The stimuli we employ are visually and semantically complex, and the decision activates high-level processes. Moreover, a consensus between participants is necessary in order to extract some stable diagnostic areas: one “right” answer and a “false” one must exist, and this alternative must be homogenous to all the participants.
Therefore, we adapt this paradigm to a paired-wise comparison task, in order to assess the stimuli with a reference (
Humphreys et al., 2006). The “Bubbles” are set at random for one image of the pair and the same localizations are set for the second image. See
Figure 7. The decision is taken after the visual inspection of both images of the pair, having a similar masking (left and right sides of the screen): in the pair, one image has the required property, the second, does not. The description of the different properties studied of the car’s cab interiors are described in the next section.
The algorithm adjusts automatically the number of “Bubbles”, to be adapted to the performance of the participants (from 70 up to 80% of correct answers) during the trial and will move towards a setup threshold of correct answers. The surface of each bubble is set such as its radius is one angular degree (fovea). On average (depending on the complexity of the scene), between 10% and 15% of the picture is visible. Finally the algorithm estimates the correlations between the correct answers and the position of the visible areas, and provides a probabilities distribution. This is the probability for a spatial area to be associated to a right answer. In other words, the “Bubbles” paradigm provides a spatial map of right decision making: the classification map.
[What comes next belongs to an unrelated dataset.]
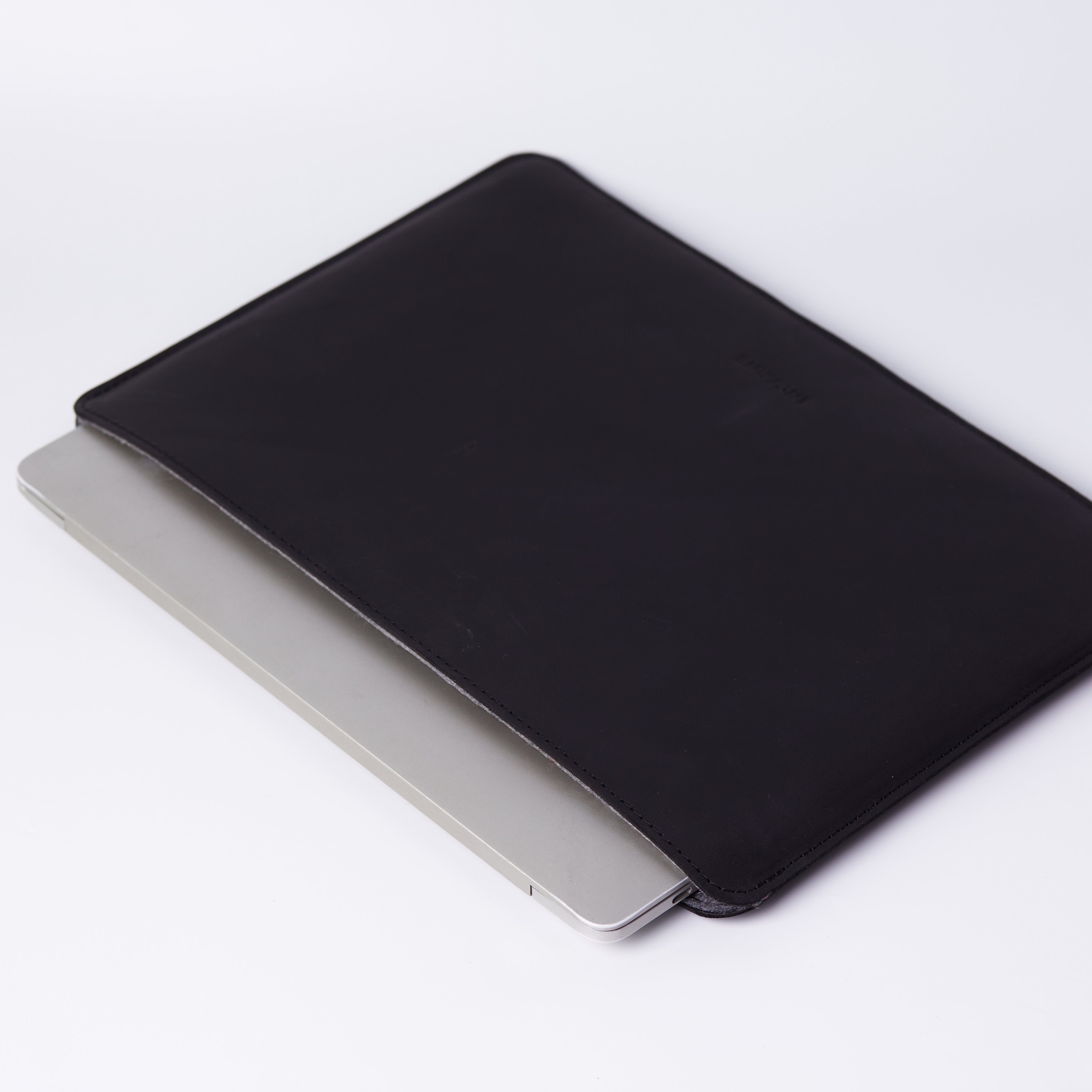 Gamma Plus Laptop Sleeve, Black (vintage)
The experiment was designed with the Stat4Ci (
http://www.mapageweb.umontreal.ca/gosselif/labogo/Stat4Ci.html) Matlab Toolbox provided by F. Gosselin. The classification task is carried out with 10 participants per condition and 320 decisions per subjects. At least 900 tries are performed on each pair and each task. For each try, the pictures are partially masked by the bubbles. Consequently, the participant has to make a decision on partial information. If the answer is false, we can consider that the visible information through the “bubbles” isn’t related to the assessment task. Otherwise, if the answer is right, the visual information is sufficient: the visible parts through the “Bubbles” are significant regarding to the task. By cumulating the answers of all the participants, the correct answers are statistically correlated with the visible areas.
The participants are 64% male and 36% female; average age is 31.4 years old. They are not working in the automotive sector (design, marketing or communication).
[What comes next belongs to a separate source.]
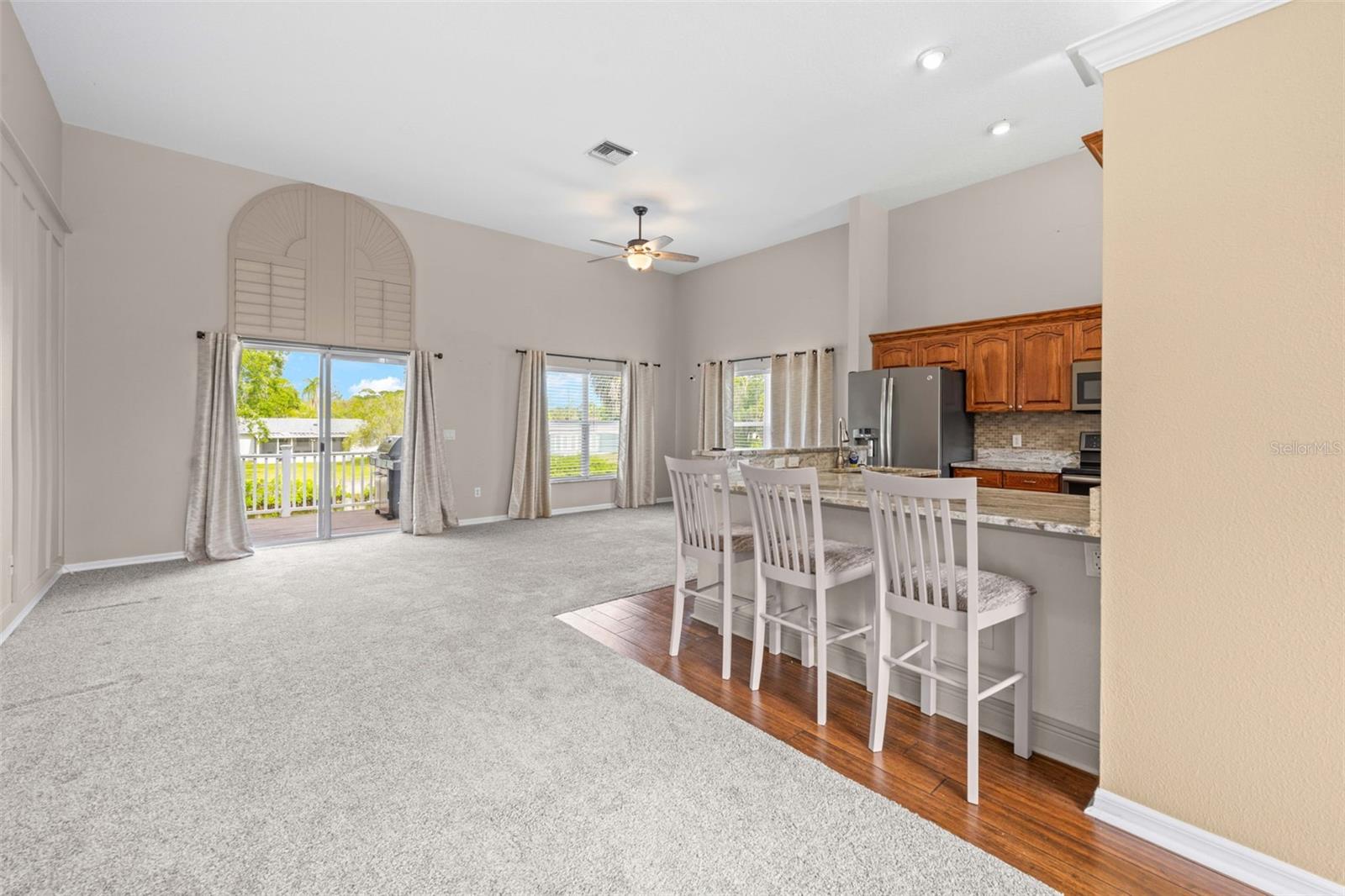 MARTHAS VINEYARD - Residential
Two car cab interiors are chosen to be judged by participants: Peugeot 207 (207) and Citroën C6 (C6), designed in two versions: sports versus standard for 207, white versus black for C6. We therefore obtain four visual stimuli.
Two tasks are chosen: for the 207, the participants assess the “sport” car’s design or the “quality level” of the interior cabs. For C6, instructions are to evaluate the “quality level” or the” luxury quality” of the interior cabs.
Results
It must be noted that the quality of the results depends on the experimental conditions and the number of trials. Figure 6a presents the classification results for the 207 (sport character), and this map actually represents decision areas. Moreover, for the task on the “high level” assessment, the decision areas appear less locally accurate than for the task on “sport” type.
For C6, the decision areas are not spatially localized. Actually, for the “quality level” assessment, the choice is not homogeneous among the subjects: the “Bubbles” algorithm cannot extract converging areas. For the “luxury” assessment task (see Figure 6b), the choice effectively points to the white modality (“correct answer”), but the only decision criterion is the color.